Tuesday, September 28, 2010

Cruise Bingo

After we decided to go on our February cruise, the Tiki Gal and I were playing cards with Daphne and Dale, as we are prone to do, when we started talking about all of the wonderful things we had experienced on our previous cruises. To commemorate these experiences we thought it would be fun to create a Cruise Bingo game. We wrote down a list of the experiences that should appear in Cruise Bingo and I created a program that would randomly place them on bingo cards - yes, I'm truly a huge nerd. We printed out a bunch of cards and laminated them.
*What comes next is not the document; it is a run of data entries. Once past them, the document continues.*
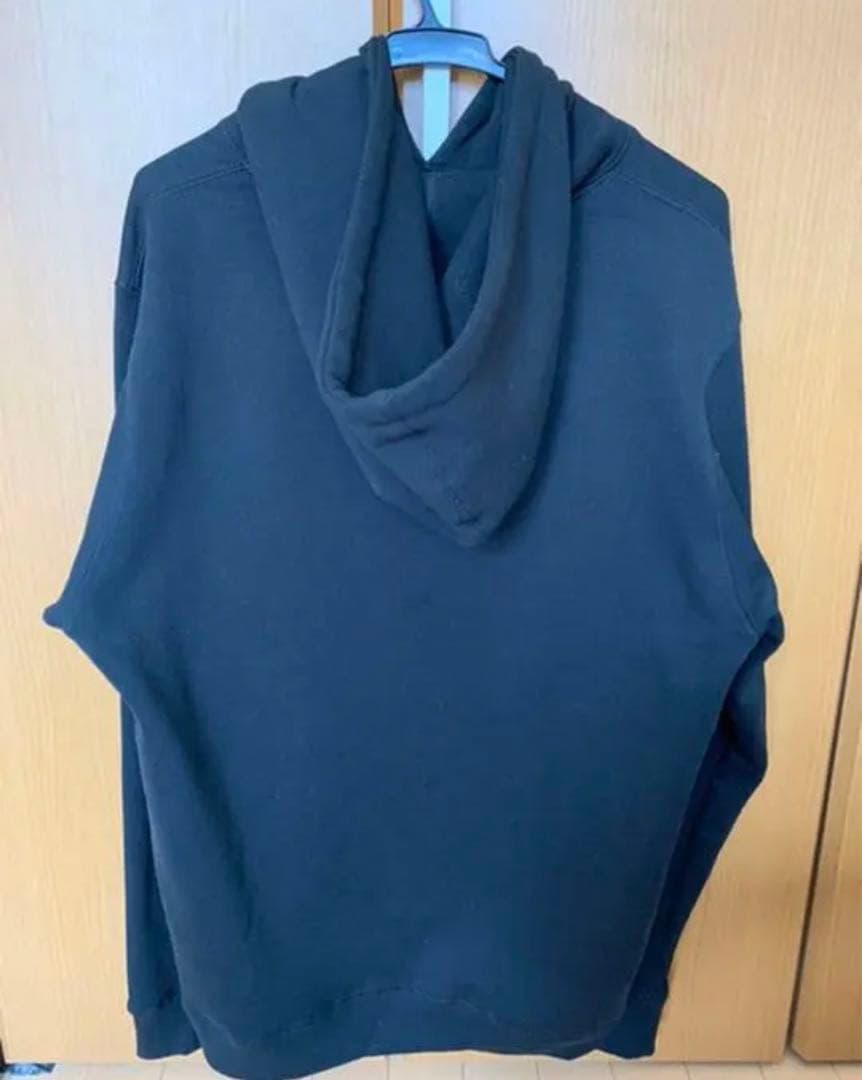 STUSSY 花 刺繍ロゴ パーカー XL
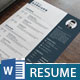 Resume (MS WOrd, PSD, AI, INDD)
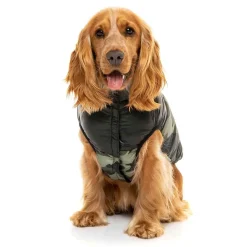 FuzzYard Koiran Vaatteet|Koiran Talvitakit*Koirantakki Harlem Puffer, camo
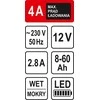 Toya STHOR RECTIFIER 12V 2.8A 60Ah LED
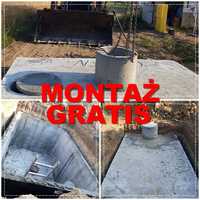 Szambo Betonowe 4 5 6 8 10- 12 m3 producent montaż gratis JANOWO KUCE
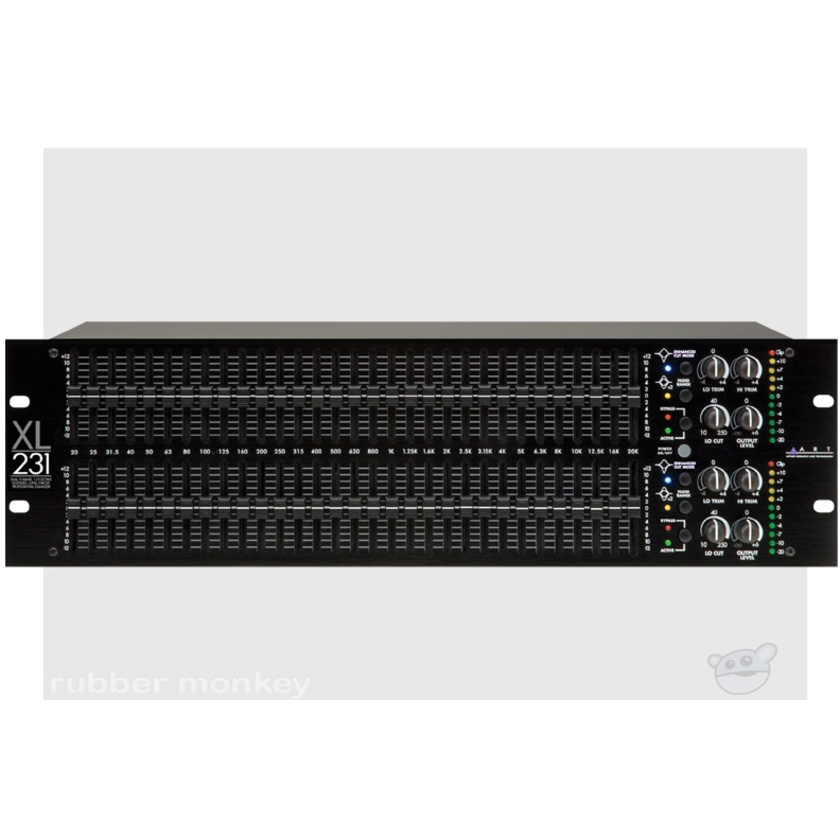 Art XL231 Dual 31 Band Equalizer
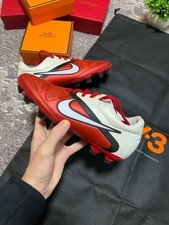 Vintage Nike CTR 360 Maestri II FG White/Red (US 7 - EU40)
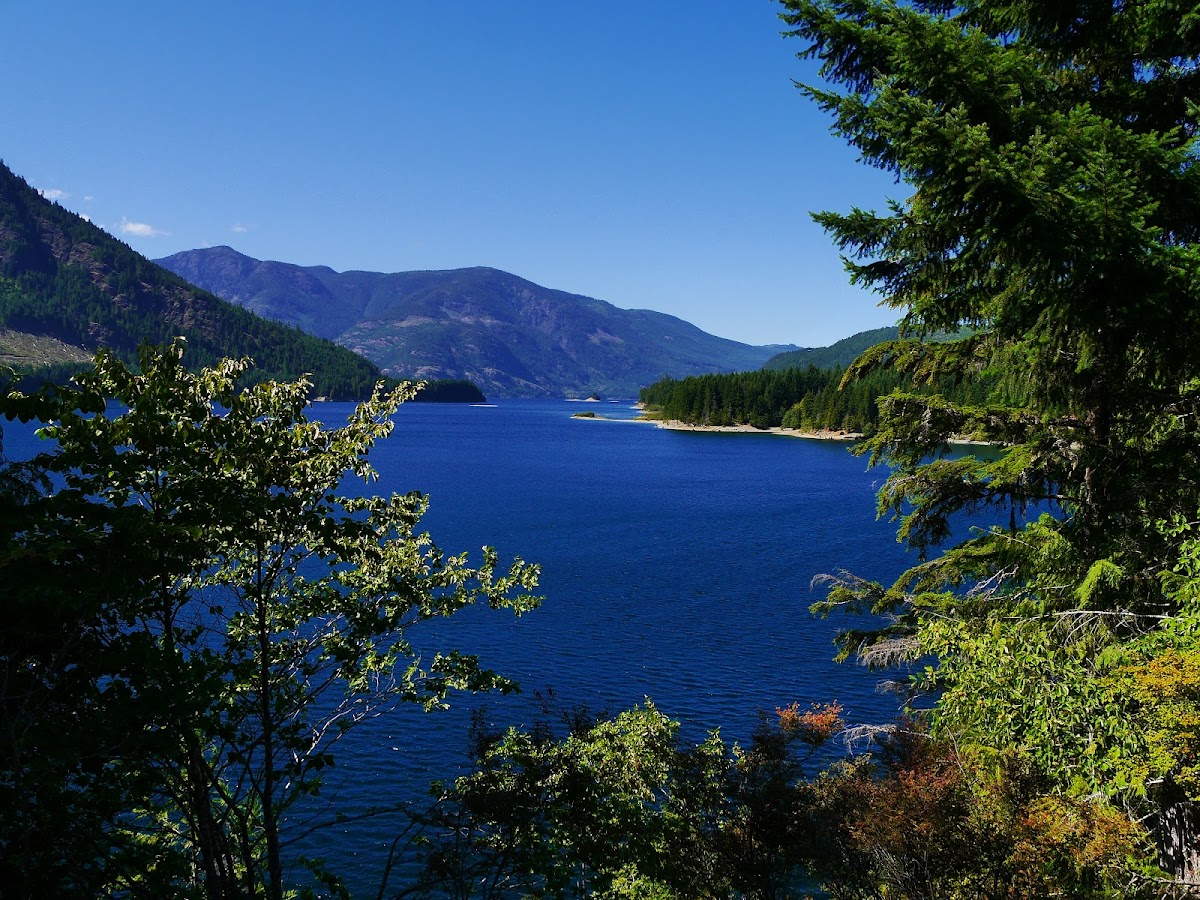Upper Campbell Lake
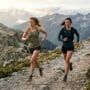 Women's Health Programme trail running duas corredoras em trilha alpina de montanha com foco em fisiologia feminina e saúde hormonal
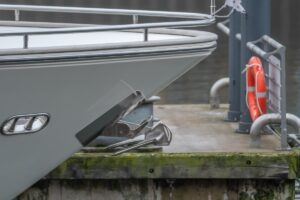 Draagbare thuisbatterij boot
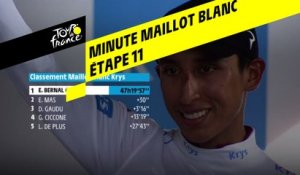La minute Maillot Blanc Krys - Étape 11 - Tour de France 2019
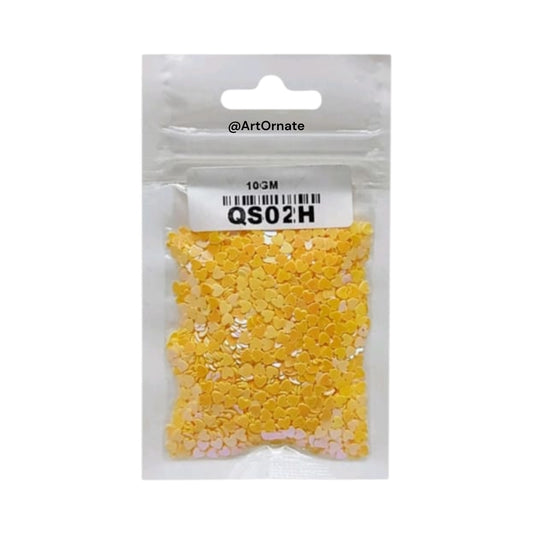 HEART SEQUINS (QS02H)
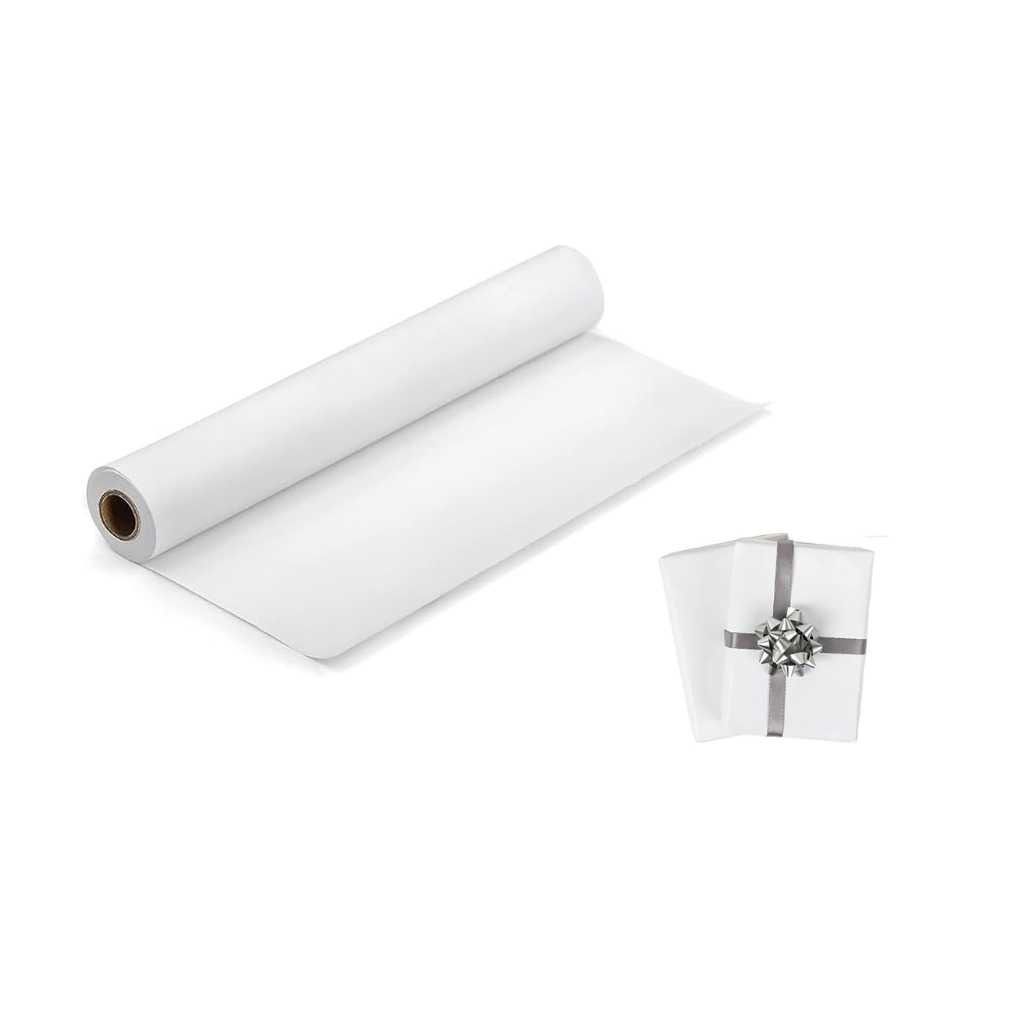 UDAREIT White Craft Paper Roll 15 Inch x 500 ft Matte Finish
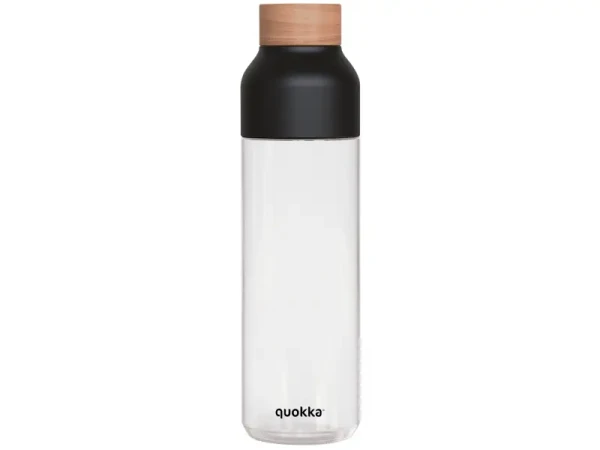 Quokka Plastová fľaša Ice Black 840 ml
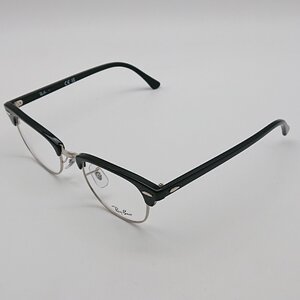 6528# レイバン/RAYBAN メガネフレーム クラブマスター CLUBMASTER RB5154-2000 49-21-140 フレームカラー/ブラック 【1129】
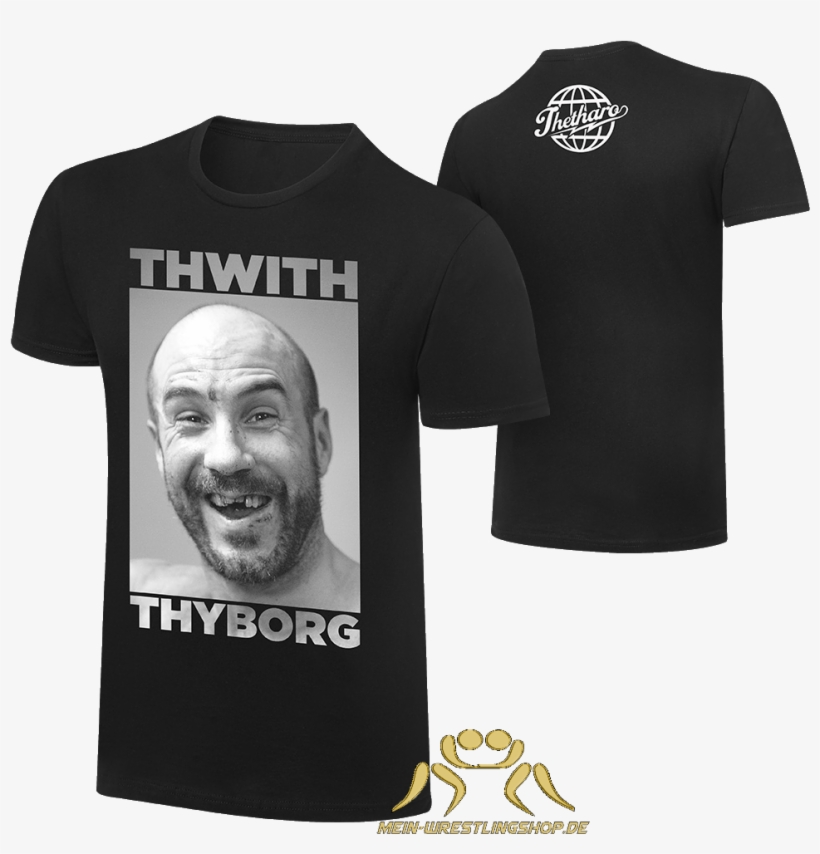 Cesaro - - Triple H Shirt, transparent png #8633972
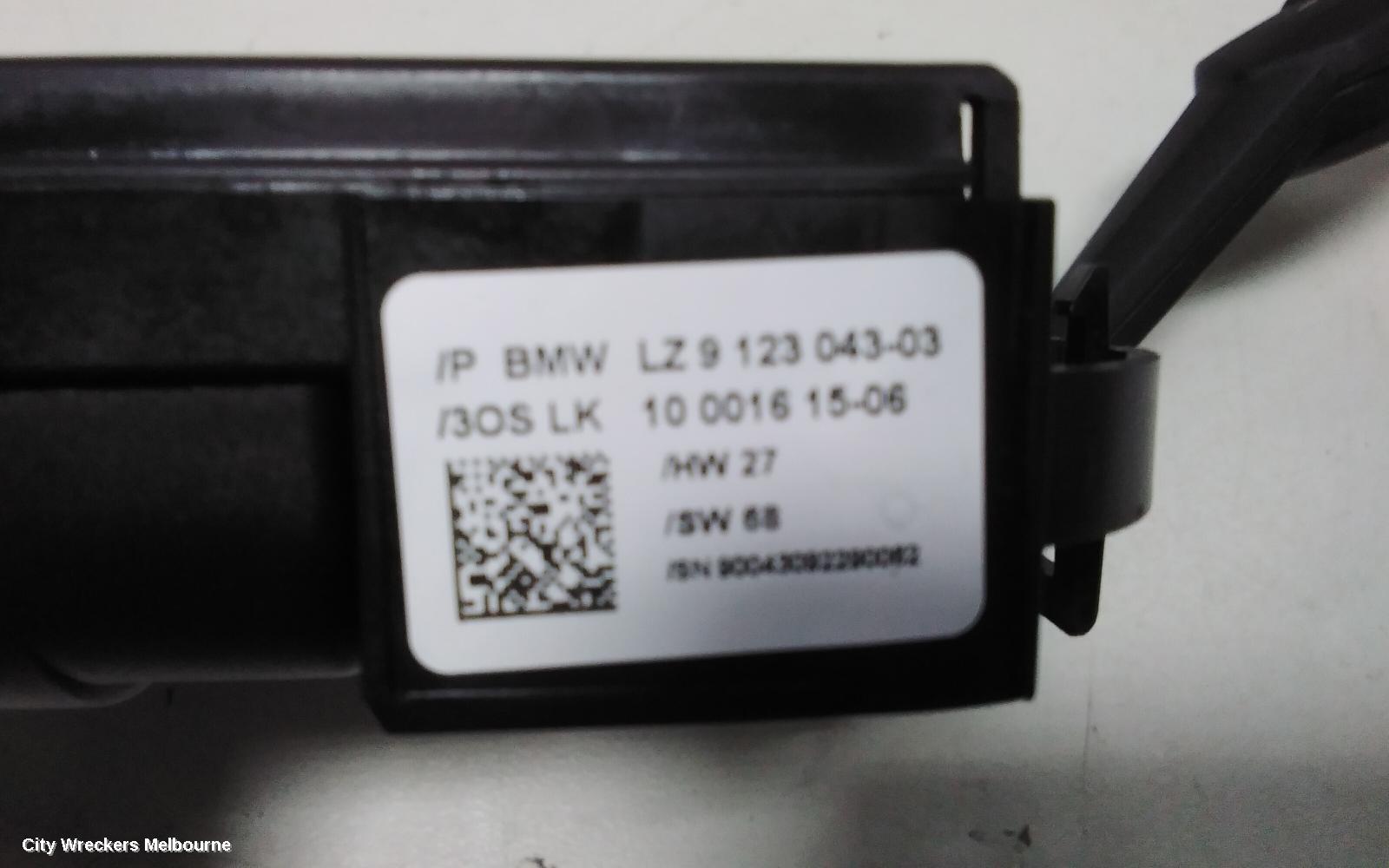 BMW 3 SERIES COMBINATION SWITCH, COMBINATION SWITCH ASSY, E90/E91/E92/E93, P/N 61319123043, 03/2005 - 09/2013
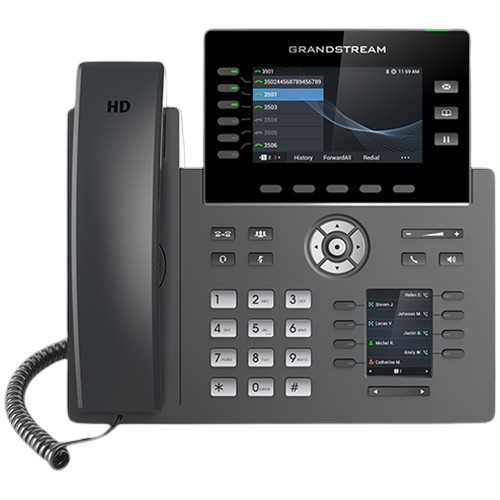 Grandstream GRP2624 8-line Carrier- Grade IP Phone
When we got in the car to drive to Galveston for the cruise, we each drew four cards and the competition began.

To make a long story short, Daphne won Cruise Bingo by finding twenty-one of the twenty-four items on one of her cards. For winning, Daphne took home a lovely handcrafted necklace that was designed and produced in the Tiki household. Oddly enough, Daphne has not worn the necklace since the cruise. She must be saving it for a really special occasion.

In honor of Daphne's big win, here are the items on her card.

Daphne's Winning Card

Bad lounge singing
Daphne didn't have any trouble checking this item off her card. There was bad lounge singing on this cruise everywhere we turned.  The singer in the piano bar was best listened to after drinking heavily. We were subjected to a version of "Margaritaville" that could have only been worse if someone had died during the performance. It was so bad that we started going to watch the karaoke competition where at least the singing was supposed to be awful.

First visit to Cozumel
Before Carol's untimely demise, we always joked that her next visit to Cozumel would always be her first due to her rocky relationship with tequila. She always had a really good time in Cozumel but she seldom enjoyed the aftermath. Poor Carol never did get to visit Cozumel but Daphne was happy to enjoy this beautiful island for the first time.
Nachi Cocom in Cozumel


Inappropriate dinner wear
Two words: vintage crack.

Fatal sunburn
On a typical cruise, there are many, many opportunities to spot the sunblock challenged. On this cruise, however, we were with a lot of older folks who avoid the sun like they avoid purchasing small cars. We were halfway through the week before Daphne spotted one of the waitresses at the supper club who had apparently been roasted in one of the ovens.

Hair braider
This item is pretty much a free space because hair braiders on a Caribbean island are as thick as bad lounge singers on a cruise ship.

Frisking
Daphne didn't get to check this space, I'm happy to report. I'm happy because the frisking always seems to apply to me. I've been frisked by a female security guard in Jamaica and by a lunch lady at a Jimmy Buffet concert. I would rather forget both of those experiences so I was not disappointed to be spared yet another frisking.

Slot tournament
On our previous cruise, Dale won the slot tournament. On this cruise, we missed out on the slot tournament entirely somehow. This was another item Daphne did not check.

Swim-up bar
I can think of only a few things in life that are better than spending an afternoon at a swim-up bar with good friends. One of our favorite swim-up bars is at Nachi Cocom in Cozumel and Dale and I braved the frigid pool to have tequila shots with the bartenders. Daphne was nearby so she checked off this item.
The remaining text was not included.